__Data__.
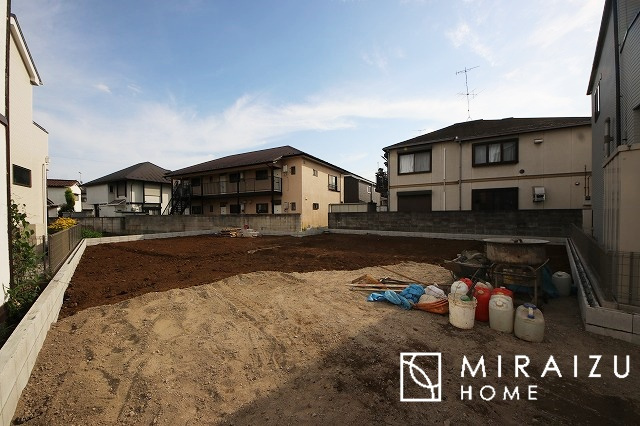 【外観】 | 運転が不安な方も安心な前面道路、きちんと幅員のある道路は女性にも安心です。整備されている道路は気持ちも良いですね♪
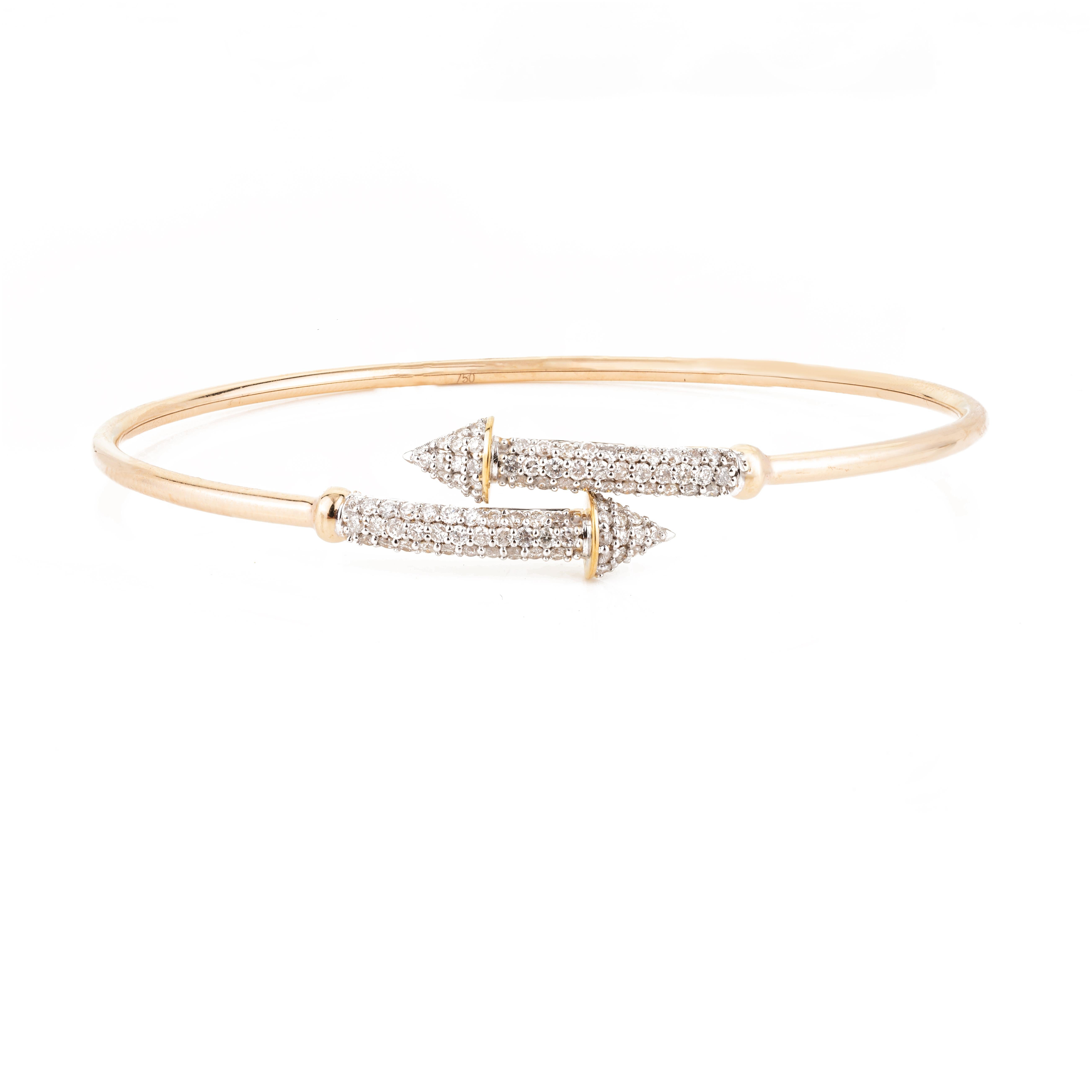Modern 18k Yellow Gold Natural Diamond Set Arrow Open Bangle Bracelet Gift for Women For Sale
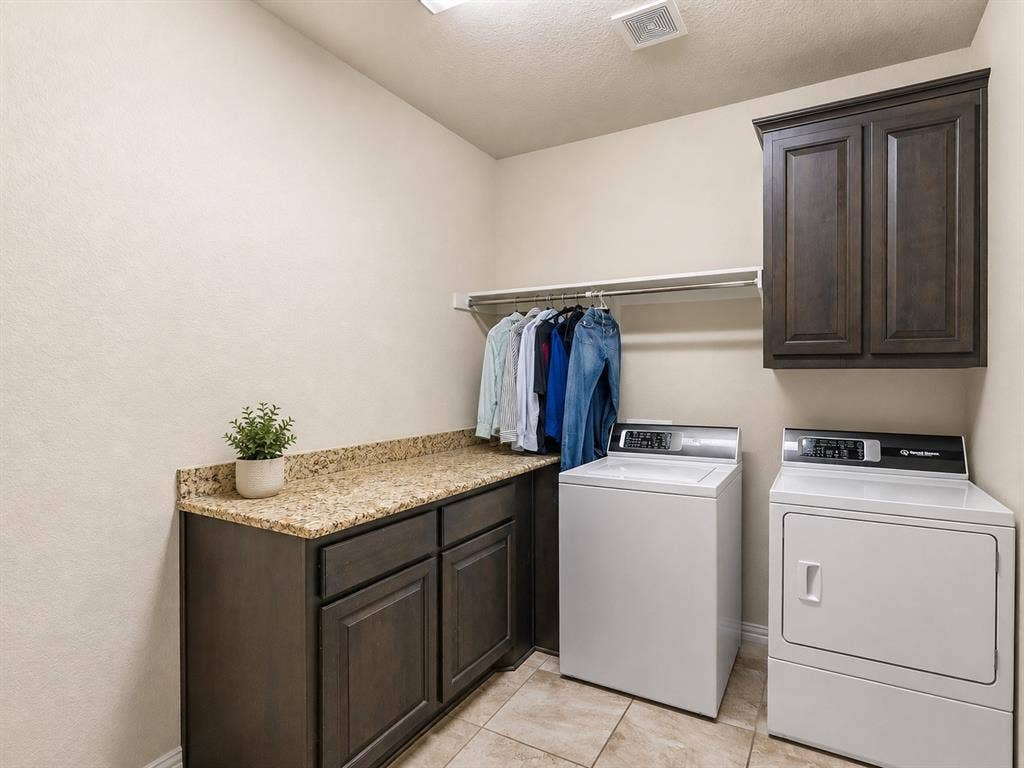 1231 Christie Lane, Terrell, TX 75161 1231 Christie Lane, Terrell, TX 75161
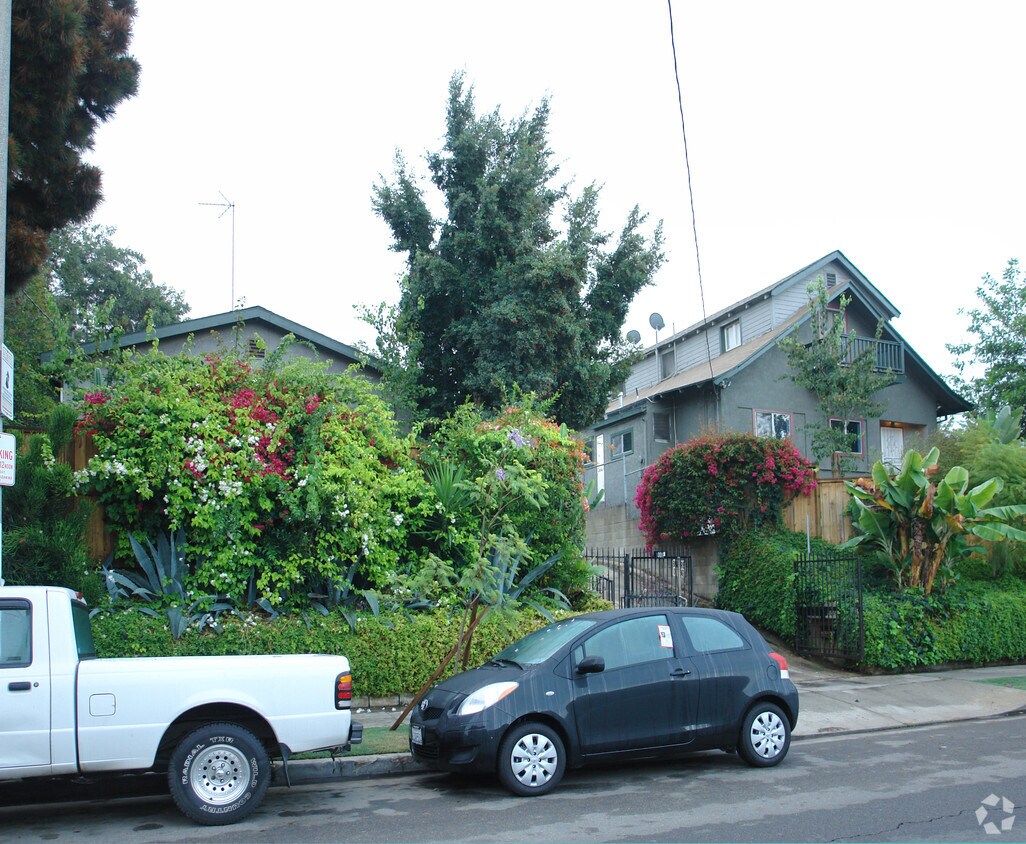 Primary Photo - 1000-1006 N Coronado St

--

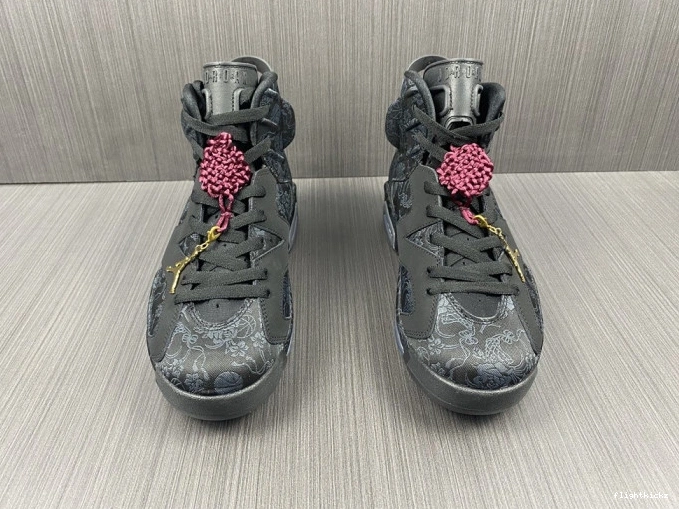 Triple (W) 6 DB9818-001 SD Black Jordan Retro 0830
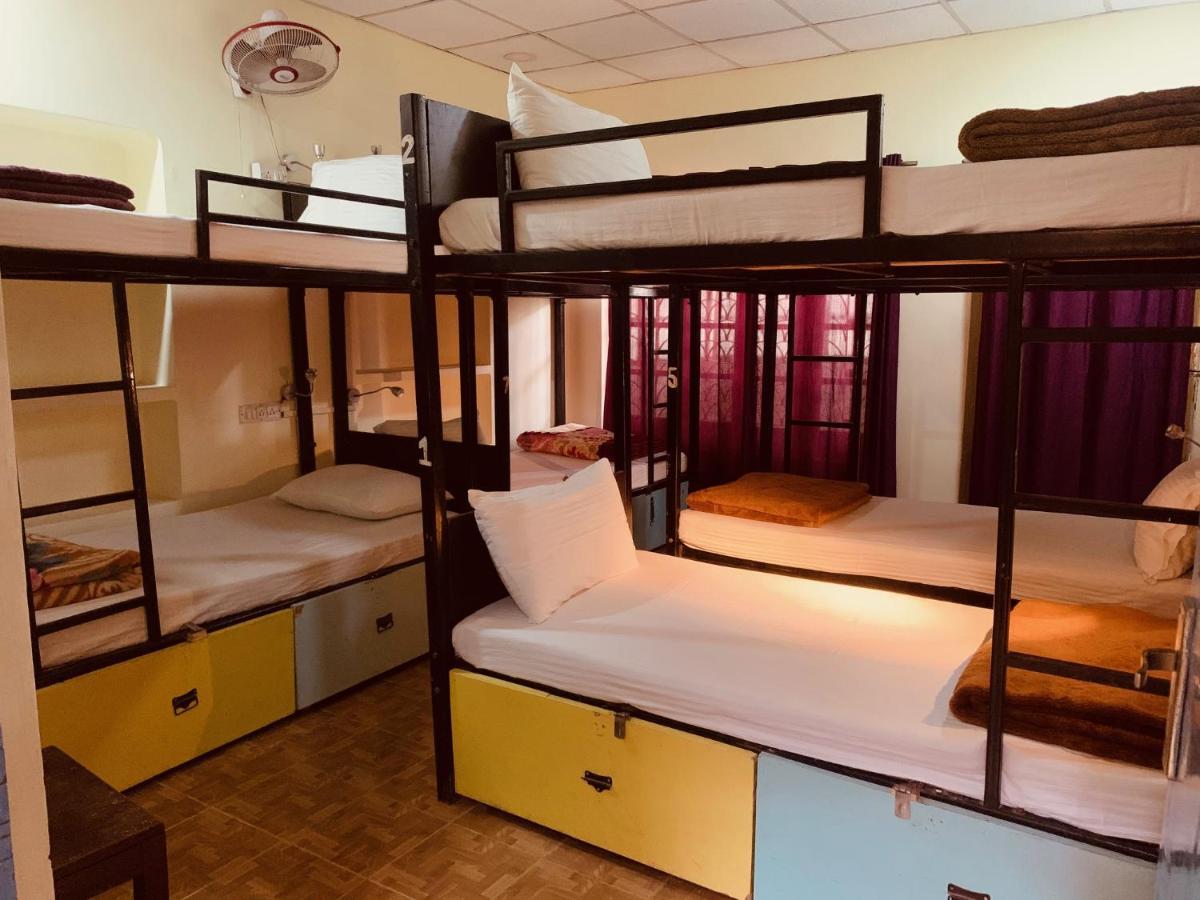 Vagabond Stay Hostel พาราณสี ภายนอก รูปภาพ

--

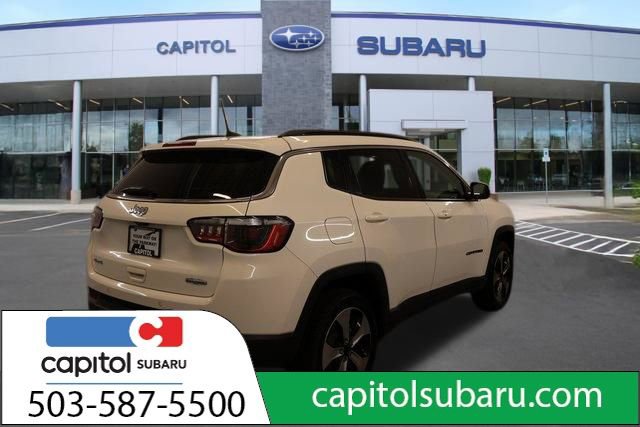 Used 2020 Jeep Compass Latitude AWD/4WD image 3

__Your instructions__. In the records above, find the line with "Triple (W) 6" and the line with "Vagabond Stay Hostel พาราณสี ภายนอก รูปภาพ", then restate word for word only those two lines and all lines between, omitting pictures.

__Reply to the exercise__.
 Triple (W) 6 DB9818-001 SD Black Jordan Retro 0830
 Vagabond Stay Hostel พาราณสี ภายนอก รูปภาพ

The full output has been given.